All pastes were screen printed using 200 mesh screens (both front and rear metallizations).
To investigate the physical structure of the co-fired Al BSF, etch delineated cross section samples were prepared and analyzed with optical microscopy.
Results and Discussion
Using this co-fire method, firing times (total time in the firing zone) can be reduced to less than two seconds. As shown in Figure 2, high fill factors can be achieved at very short firing exposures indicating good silver contact formation. At these reduced firing exposures, it is expected that silicon lattice damage and silver conductor frit glass over penetration would be minimized.
At the lower firing exposures which are favorable for the silver contact formation, there is generally a corresponding loss of Voc which is attributed to non-optimal co-firing of the Al:BSF (Figure 3). Voc of Al pastes (A) and (B) followed similar trends throughout the firing exposure series. Paste (B) produced the best Voc of the series at 632mV and showed a positive offset from paste (A) of approximately 20mV. Paste (C) followed a unique, almost linear downward trend through the firing series. Paste (D) without frit glass, was a uniformly poor performer indicating virtually no BSF formation occurred.

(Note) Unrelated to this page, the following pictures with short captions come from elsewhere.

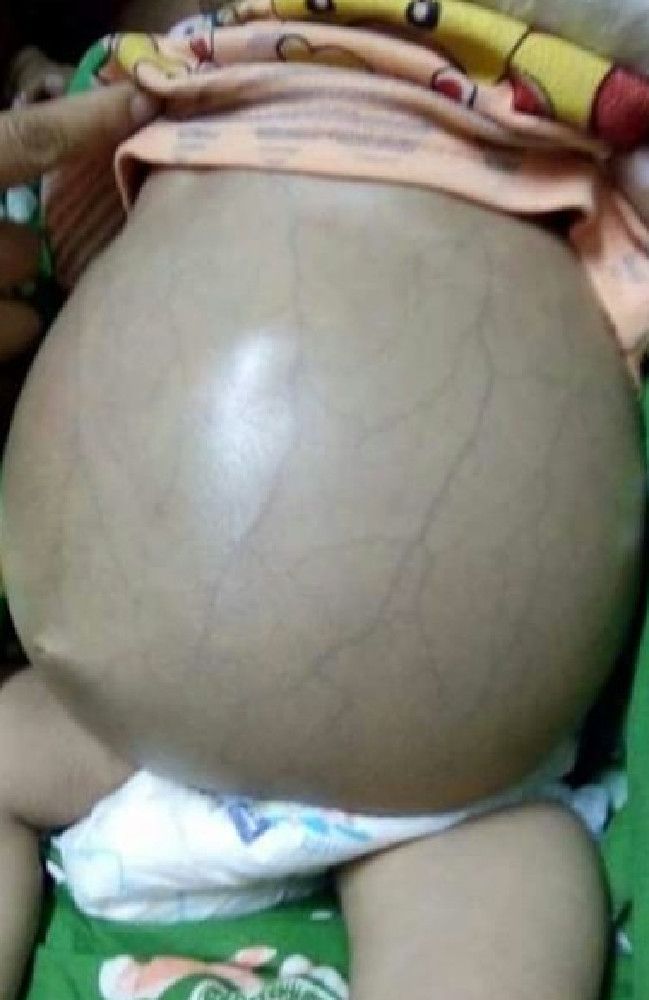 Близнец-паразит «пожирал» младенца, врачи провели уникальную операцию: фото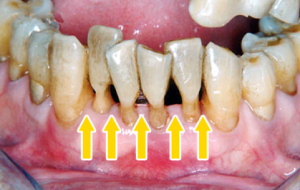 歯並び、噛み合わせが…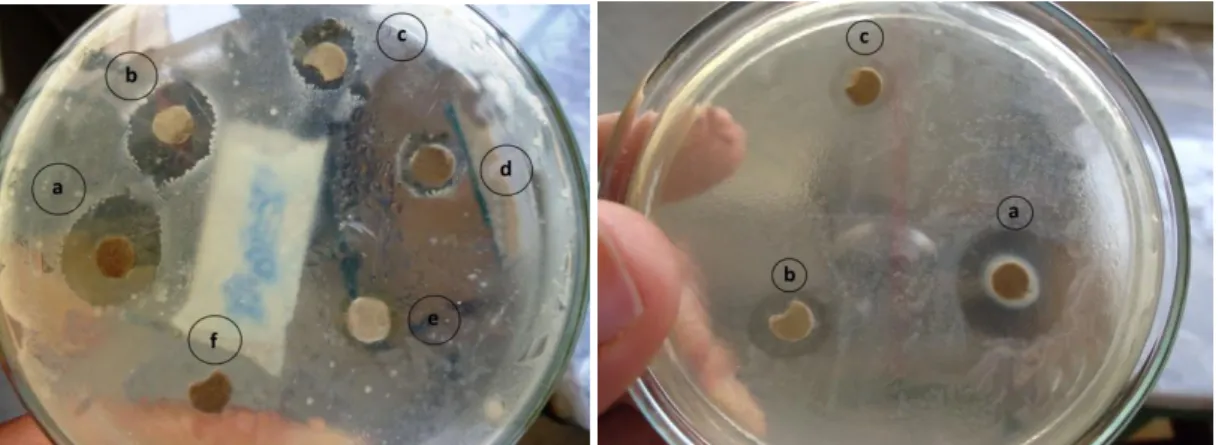 Figure 7 -  Zone of inhibition for antimicrobial activity of CoP 1  (right pic: (a) S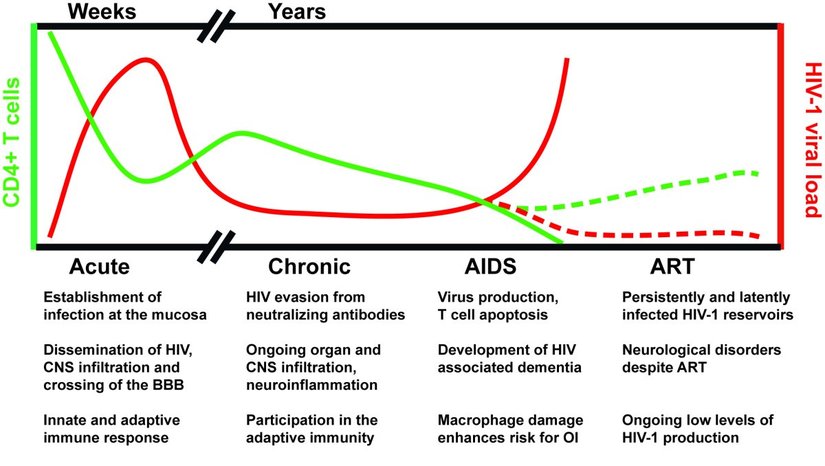 AIDS hastalığının gelişimi sırasında, HIV'in ilk bulaşmasından sonraki 4 temel hastalık fazında meydana gelen değişimleri gösteren bir grafik. İlk evrede HIV vücuda giriyor ve vücut-beyin bariyerini aşıyor. Hemen savunma sistemi devreye giriyor. Ancak yeterince güçlü olamadığı için HIV hızla yayılmayı sürdürür. Sonrasında geçici olarak bağışıklık sistemi üstün gelir ve HIV kronik faza girerek sabit bir seyirde devam eder. Bu sırada çeşitli organlara bulaşmayı sürdürür. AIDS'in semptomları belirmeye başlar. Birey enerjisini yitirmeye başlar, kilo kaybı olur, sık sık ateş ve terleme görülür, mantar enfeksiyonları başlar, deri sıklıkla kızarır, kısa dönem hafıza kayıpları başlar, ağızda, cinsel organlarda ve anüste sivilceler oluşmaya başlar. Nihayetinde seri virüs üretimi başlar ve savunma hücrelerimiz ölmeye başlar. Hastalığın seyri ilerledikçe daha ağır semptomlar oluşur: öksürük ve nefes darlığı, nöbetler, koordinasyon bozukluğu, yutkunma güçlüğü, kafa karışıklığı, sürekli ishal hali, ateş, görüş kaybı, mide bulantısı ve mide krampları, aşırı bitkinlik, aşırı baş ağrısı, koma, vb.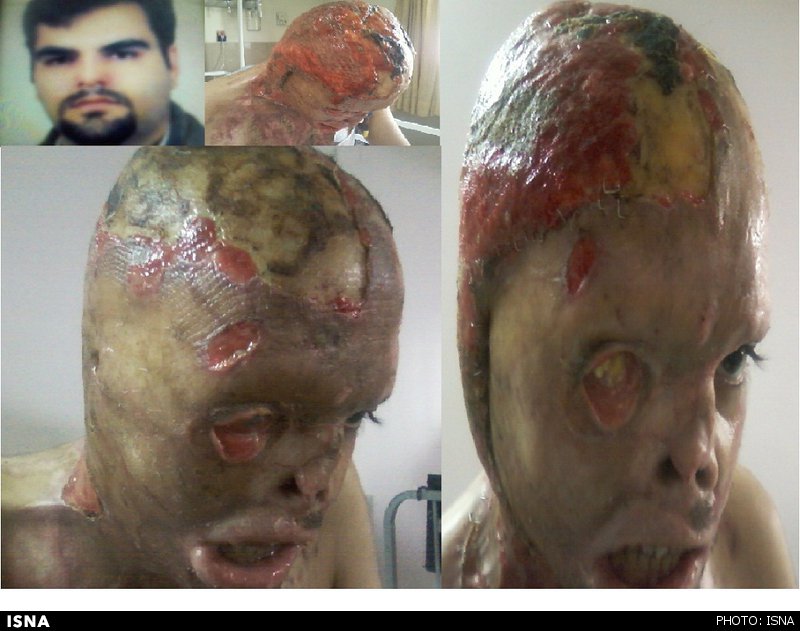 اسید پاشی اشتباهی نظافتچی به کارمند / عکس (+16)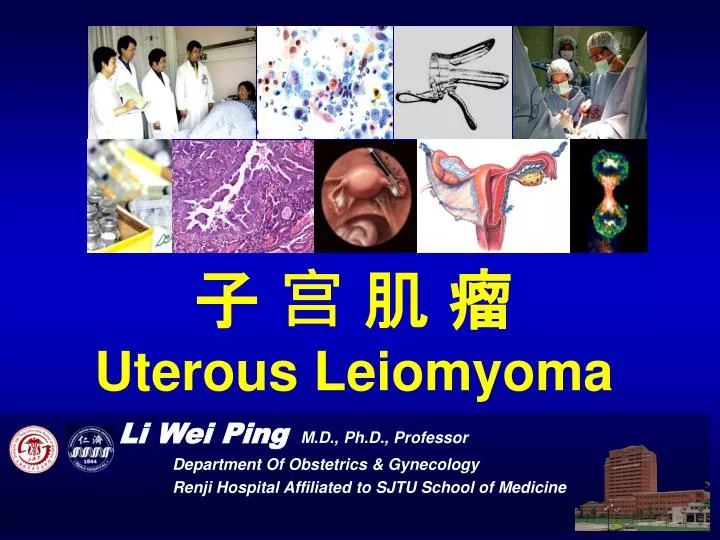 uterous leiomyoma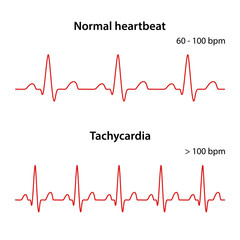Diagram of normal rhythm and Tachycardia for a human heart. Heart cardiogram. Vector illustration in flat style isolated on white background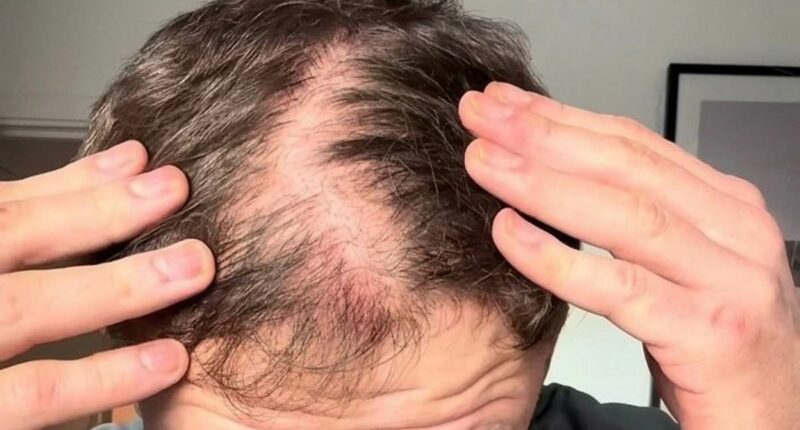 I started going bald at 25. Now I have REVERSED my hair loss with this DIY at-home routine and combination that takes just a few minutes a day. But be warned, it comes with major sacrifices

Cell efficiency (Figure 4) through the firing series also reflected the influence of the different aluminum pastes. Paste (B) which produced the highest Voc also yielded the highest efficiency (18.8%). Pastes (A) and (C) followed similar trending with Voc. Paste (D) showed low cell efficiency consistent with a poorly formed BSF.
Short circuit current (Figure 5) showed good agreement with Voc data for pastes (A), (B) and (E). The measurements for paste (C) were incongruous and will be investigated with further experimentation.
Etch delineated cross section specimens of the aluminum-silicon interface (Figures 6, 7) illustrate structures consistent with the Voc measurement results. Best performer paste (B) produced the thickest BSF through all firing conditions.
For all pastes, the ‘Over Fired’ condition, which occurred as the silver was over fired and shunted the cell, produced the thickest Al:BSF and alloyed region. The ‘Best-of-Series’ condition indicated the best cell performance and showed the extent of BSF formation in a firing condition optimized for silver contact formation. The ‘Under Fired’ condition was a firing exposure too short for adequate silver firing. All paste types produced relatively thin, discontinuous BSF layers in the under fired condition.
Paste (D) containing no frit glass, produced thin, non-uniform BSF layers with minimal alloying throughout the firing series. The appearance of the aluminum-silicon interface produced by Paste (D) is indicative of poor wetting of aluminum to the silicon and suggests the necessity of using frit glass additives to act as a fluxing agent in rapid co-firing. In the under fired condition, virtually no BSF was formed.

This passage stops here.